L’idea di affidare Mario Balotelli, calciatore del Milan e della Nazionale, alle cure di uno psicologo che gli spieghi, se non l’assurdità assoluta, almeno la dannosità relativa delle sue intemperanze, ora tradotte in squalifica pesante, rischia di venire celebrata come una saggia novità del nostro calcio, che come è noto con i suoi personaggi e le sue vicende fa non solo da specchio, ma anche da faro al paese.
Sulla saggezza siamo d’accordo, nel senso soprattutto che qualsiasi minuto sottratto alle conversazioni abituali medie di un bipede pedatore giovane, ricco e famoso, con il cosiddetto “entourage”, e al suo sodalizio con tifosi che in linea di massima sono fanatici folli, e consegnato invece ad un uomo di scienza, è cosa buona e giusta. Sulla novità abbiamo qualcosa da precisare. Nel senso che viene facile, automatico quasi dire che una volta il calcio, e se si vuole lo sport tutto, non avevano bisogno di psicologi.

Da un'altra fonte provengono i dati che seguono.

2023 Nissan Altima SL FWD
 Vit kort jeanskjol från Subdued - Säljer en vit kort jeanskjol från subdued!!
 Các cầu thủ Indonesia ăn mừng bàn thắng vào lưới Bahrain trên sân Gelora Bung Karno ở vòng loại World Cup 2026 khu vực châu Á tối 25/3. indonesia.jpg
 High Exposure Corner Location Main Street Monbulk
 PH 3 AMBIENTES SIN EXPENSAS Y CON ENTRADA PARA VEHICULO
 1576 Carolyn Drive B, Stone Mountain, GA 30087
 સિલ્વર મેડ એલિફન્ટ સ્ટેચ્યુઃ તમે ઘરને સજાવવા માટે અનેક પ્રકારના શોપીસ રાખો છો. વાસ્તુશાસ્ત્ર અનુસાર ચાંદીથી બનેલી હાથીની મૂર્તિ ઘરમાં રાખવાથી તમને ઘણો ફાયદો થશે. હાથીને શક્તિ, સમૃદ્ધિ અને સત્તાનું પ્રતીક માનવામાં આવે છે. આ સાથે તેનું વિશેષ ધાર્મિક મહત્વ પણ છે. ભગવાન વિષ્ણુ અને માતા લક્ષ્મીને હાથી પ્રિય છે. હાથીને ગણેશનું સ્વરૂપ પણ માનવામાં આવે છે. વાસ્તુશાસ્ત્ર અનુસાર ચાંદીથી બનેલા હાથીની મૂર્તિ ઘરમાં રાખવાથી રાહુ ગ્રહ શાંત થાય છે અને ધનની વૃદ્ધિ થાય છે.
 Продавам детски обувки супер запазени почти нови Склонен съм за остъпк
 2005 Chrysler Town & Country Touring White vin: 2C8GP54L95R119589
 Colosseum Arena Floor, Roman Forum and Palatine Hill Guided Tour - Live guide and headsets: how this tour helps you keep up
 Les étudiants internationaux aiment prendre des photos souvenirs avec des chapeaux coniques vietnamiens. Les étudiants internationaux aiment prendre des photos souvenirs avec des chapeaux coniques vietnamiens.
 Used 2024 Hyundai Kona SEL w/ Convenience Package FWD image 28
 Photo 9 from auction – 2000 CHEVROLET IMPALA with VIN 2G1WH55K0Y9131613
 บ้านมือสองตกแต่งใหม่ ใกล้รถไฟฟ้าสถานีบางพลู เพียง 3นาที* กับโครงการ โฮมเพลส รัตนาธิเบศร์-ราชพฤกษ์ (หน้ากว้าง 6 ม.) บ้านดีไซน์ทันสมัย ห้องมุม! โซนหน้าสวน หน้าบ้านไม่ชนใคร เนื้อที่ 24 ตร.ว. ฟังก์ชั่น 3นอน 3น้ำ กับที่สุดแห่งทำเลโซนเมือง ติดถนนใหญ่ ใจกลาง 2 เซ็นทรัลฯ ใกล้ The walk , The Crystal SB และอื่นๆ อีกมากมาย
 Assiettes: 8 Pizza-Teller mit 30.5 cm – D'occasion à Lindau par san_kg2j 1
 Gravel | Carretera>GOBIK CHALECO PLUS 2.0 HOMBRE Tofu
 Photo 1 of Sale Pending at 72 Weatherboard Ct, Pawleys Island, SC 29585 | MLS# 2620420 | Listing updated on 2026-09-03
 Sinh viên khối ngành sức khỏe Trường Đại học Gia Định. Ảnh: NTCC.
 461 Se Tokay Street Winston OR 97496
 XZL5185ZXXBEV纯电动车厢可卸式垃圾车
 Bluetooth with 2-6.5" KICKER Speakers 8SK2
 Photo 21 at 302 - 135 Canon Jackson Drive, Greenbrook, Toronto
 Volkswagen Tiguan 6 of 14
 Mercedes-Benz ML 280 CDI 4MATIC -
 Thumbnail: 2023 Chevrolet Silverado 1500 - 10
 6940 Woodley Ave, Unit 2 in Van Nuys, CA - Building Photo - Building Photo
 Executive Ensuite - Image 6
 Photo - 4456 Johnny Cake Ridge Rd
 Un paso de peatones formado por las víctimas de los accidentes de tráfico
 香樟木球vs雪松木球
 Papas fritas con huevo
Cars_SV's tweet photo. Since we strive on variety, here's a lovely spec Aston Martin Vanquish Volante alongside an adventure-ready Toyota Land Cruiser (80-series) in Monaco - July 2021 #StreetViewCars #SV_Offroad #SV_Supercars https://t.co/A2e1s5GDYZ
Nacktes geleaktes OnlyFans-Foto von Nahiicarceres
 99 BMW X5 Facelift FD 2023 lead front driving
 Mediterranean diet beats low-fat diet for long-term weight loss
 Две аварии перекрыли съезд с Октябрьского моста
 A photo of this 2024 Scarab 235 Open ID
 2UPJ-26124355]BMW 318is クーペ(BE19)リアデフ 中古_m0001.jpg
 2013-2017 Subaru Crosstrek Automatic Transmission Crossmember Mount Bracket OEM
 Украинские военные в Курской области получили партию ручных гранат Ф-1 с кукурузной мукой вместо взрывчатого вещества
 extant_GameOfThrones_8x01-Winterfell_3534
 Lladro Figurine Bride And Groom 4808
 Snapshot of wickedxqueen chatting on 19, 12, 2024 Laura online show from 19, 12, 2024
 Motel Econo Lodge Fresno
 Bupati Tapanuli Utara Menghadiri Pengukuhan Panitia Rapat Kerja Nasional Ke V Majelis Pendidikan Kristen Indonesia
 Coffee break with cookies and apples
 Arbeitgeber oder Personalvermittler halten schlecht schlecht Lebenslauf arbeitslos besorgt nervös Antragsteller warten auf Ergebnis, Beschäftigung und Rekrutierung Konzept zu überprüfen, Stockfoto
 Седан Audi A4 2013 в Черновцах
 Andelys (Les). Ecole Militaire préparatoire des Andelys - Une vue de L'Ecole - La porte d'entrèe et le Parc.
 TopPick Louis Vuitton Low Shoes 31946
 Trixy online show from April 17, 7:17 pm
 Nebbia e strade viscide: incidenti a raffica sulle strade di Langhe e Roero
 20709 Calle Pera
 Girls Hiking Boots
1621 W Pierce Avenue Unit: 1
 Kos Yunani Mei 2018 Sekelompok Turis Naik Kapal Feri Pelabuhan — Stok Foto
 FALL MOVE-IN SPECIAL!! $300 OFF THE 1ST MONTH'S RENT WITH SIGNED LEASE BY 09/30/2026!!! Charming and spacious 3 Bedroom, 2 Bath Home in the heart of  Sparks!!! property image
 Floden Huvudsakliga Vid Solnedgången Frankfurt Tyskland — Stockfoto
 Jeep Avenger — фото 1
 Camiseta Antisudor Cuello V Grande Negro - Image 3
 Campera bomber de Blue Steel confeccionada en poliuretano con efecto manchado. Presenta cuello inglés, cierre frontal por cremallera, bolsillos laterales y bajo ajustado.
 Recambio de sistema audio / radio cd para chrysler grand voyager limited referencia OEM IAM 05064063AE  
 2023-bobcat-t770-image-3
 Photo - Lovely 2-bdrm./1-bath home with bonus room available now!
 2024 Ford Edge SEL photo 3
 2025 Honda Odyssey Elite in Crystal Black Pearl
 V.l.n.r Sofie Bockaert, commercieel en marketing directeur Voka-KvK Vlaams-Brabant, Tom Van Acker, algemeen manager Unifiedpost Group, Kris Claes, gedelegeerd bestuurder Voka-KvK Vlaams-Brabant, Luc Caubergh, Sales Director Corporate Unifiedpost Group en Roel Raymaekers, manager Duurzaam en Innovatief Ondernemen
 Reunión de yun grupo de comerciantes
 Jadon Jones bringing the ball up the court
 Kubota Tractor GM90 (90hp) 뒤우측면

Ora, a parte il fatto che di molti allenatori e dirigenti si è detto, da che calcio è calcio, che si trattava, si tratta anche di ottimi utilissimi psicologi, quantunque non iscritti all’albo, è bene sapere e giornalisticamente fare sapere che l’esperimento dello psicologo di club è stato tentato nel passato anche ufficialmente, per esempio, dalla Juventus di Sivori. Di cognome faceva Bonfante lo studioso che dialogava con i giocatori bianconeri per rilassarli e intanto motivarli al meglio, e usava persino strani occhiali speciali, probabilmente per suggestionare i tipi. Restando a Torino, il club granata per lungo tempo affidò inufficialmente allo strizzacervelli il caso di qualche giocatore della prima squadra, se non altro per consulenze. Lo psicologo diciamo laureato dei granata si chiamava Prunelli, lavorava e bene con Vatta nel settore giovanile, e scrisse pure un bel libro sulle sue esperienze.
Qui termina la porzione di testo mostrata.